ResearchBlogging.orgPaul Glasziou, GP and professor in Evidence Based Medicine, co-authored a new article in the BMJ [1]. Similar to another paper [2] I discussed before [3] this paper deals with the difficulty for clinicians of staying up-to-date with the literature. But where the previous paper [2,3] highlighted the mere increase in number of research articles over time, the current paper looks at the scatter of randomized clinical trials (RCTs) and systematic reviews (SR’s) accross different journals cited in one year (2009) in PubMed.

Hofmann et al analyzed 7 specialties and 9 sub-specialties, that are considered the leading contributions to the burden of disease in high income countries.

They followed a relative straightforward method for identifying the publications. Each search string consisted of a MeSH term (controlled  term) to identify the selected disease or disorders, a publication type [pt] to identify the type of study, and the year of publication.
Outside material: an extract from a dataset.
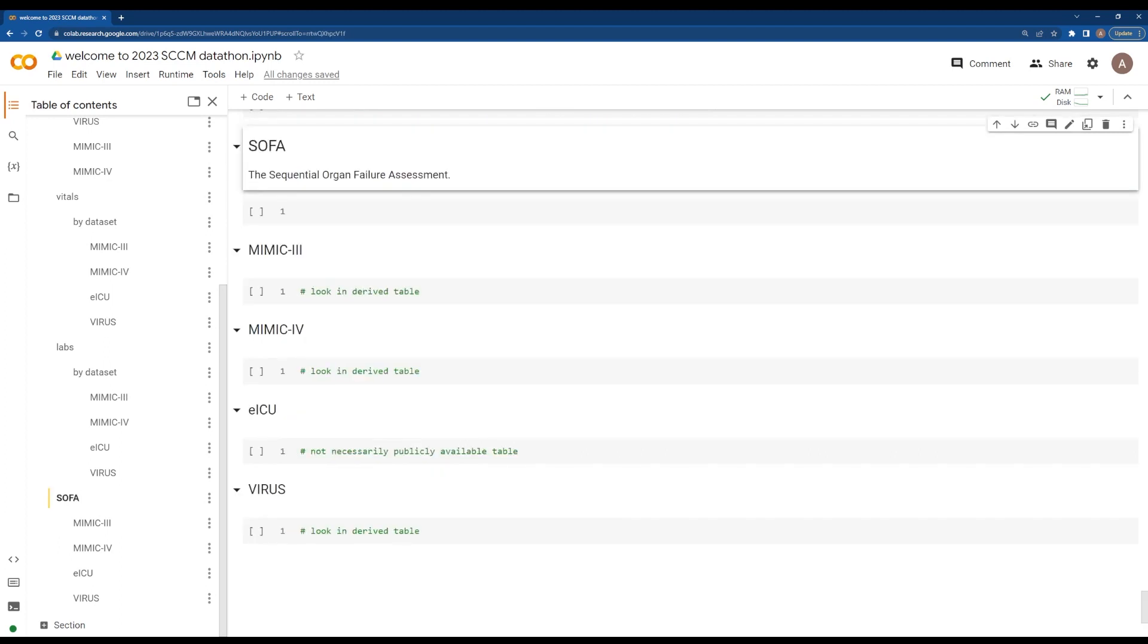Finally, we'll add some code later to show you how to look at SOFA values. Not all datasets have easy SOFA methods. Thanks so much, and happy coding.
For example, the search strategy for randomized trials in cardiology was: “heart diseases”[MeSH] AND randomized controlled trial[pt] AND 2009[dp]. (when searching “heart diseases” as a MeSH, narrower terms are also searched.) Meta-analysis[pt] was used to identify systematic reviews.

Using this approach Hofmann et al found 14 343 RCTs and 3214 SR’s published in 2009 in the field of the selected (sub)specialties. There was a clear scatter across journals, but this scatter varied considerably among specialties:

“Otolaryngology had the least scatter (363 trials across 167 journals) and neurology the most (2770 trials across 896 journals). In only three subspecialties (lung cancer, chronic obstructive pulmonary disease, hearing loss) were 10 or fewer journals needed to locate 50% of trials. The scatter was less for systematic reviews: hearing loss had the least scatter (10 reviews across nine journals) and cancer the most (670 reviews across 279 journals). For some specialties and subspecialties the papers were concentrated in specialty journals; whereas for others, few of the top 10 journals were a specialty journal for that area.
Generally, little overlap occurred between the top 10 journals publishing trials and those publishing systematic reviews. The number of journals required to find all trials or reviews was highly correlated (r=0.97) with the number of papers for each specialty/ subspecialty.”
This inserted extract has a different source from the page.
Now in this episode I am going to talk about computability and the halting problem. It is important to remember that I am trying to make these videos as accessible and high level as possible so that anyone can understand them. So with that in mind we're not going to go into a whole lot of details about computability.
Previous work already suggested that this scatter of research has a long tail. Half of the publications is in a minority of papers, whereas the remaining articles are scattered among many journals (see Fig below).

Click to enlarge en see legends at BMJ 2012;344:e3223 [CC]

The good news is that SRs are less scattered and that general journals appear more often in the top 10 journals publishing SRs. Indeed for 6 of the 7 specialties and 4 of the 9 subspecialties, the Cochrane Database of Systematic Reviews had published the highest number of systematic reviews, publishing between 6% and 18% of all the systematic reviews published in each area in 2009. The bad news is that even keeping up to date with SRs seems a huge, if not impossible, challenge.

In other words, it is not sufficient for clinicians to rely on personal subscriptions to a few journals in their specialty (which is common practice). Hoffmann et al suggest several solutions to help clinicians cope with the increasing volume and scatter of research publications.

  • a central library of systematic reviews (but apparently the Cochrane Library fails to fulfill such a role according to the authors, because many reviews are out of date and are perceived as less clinically relevant)
  • registry of planned and completed systematic reviews, such as prospero. (this makes it easier to locate SRs and reduces bias)
  • Synthesis of Evidence and synopses, like the ACP-Jounal Club which summarizes the best evidence in internal medicine
  • Specialised databases that collate and critically appraise randomized trials and systematic reviews, like www.pedro.org.au for physical therapy. In my personal experience, however, this database is often out of date and not comprehensive
  • Journal scanning services like EvidenceUpdates from mcmaster.ca), which scans over 120 journals, filters articles on the basis of quality, has practising clinicians rate them for relevance and newsworthiness, and makes them available as email alerts and in a searchable database. I use this service too, but besides that not all specialties are covered, the rating of evidence may not always be objective (see previous post [4])
  • The use of social media tools to alert clinicians to important new research.

Most of these solutions are (long) existing solutions that do not or only partly help to solve the information overload.

I was surprised that the authors didn’t propose the use of personalized alerts. PubMed’s My NCBI feature allows to create automatic email alerts on a topic and to subscribe to electronic tables of contents (which could include ACP journal Club). Suppose that a physician browses 10 journals roughly covering 25% of the trials. He/she does not need to read all the other journals from cover to cover to avoid missing one potentially relevant trial. Instead it is far more efficient to perform a topic search to filter relevant studies from journals that seldom publish trials on the topic of interest. One could even use the search of Hoffmann et al to achieve this.* Although in reality, most clinical researchers will have narrower fields of interest than all studies about endocrinology and neurology.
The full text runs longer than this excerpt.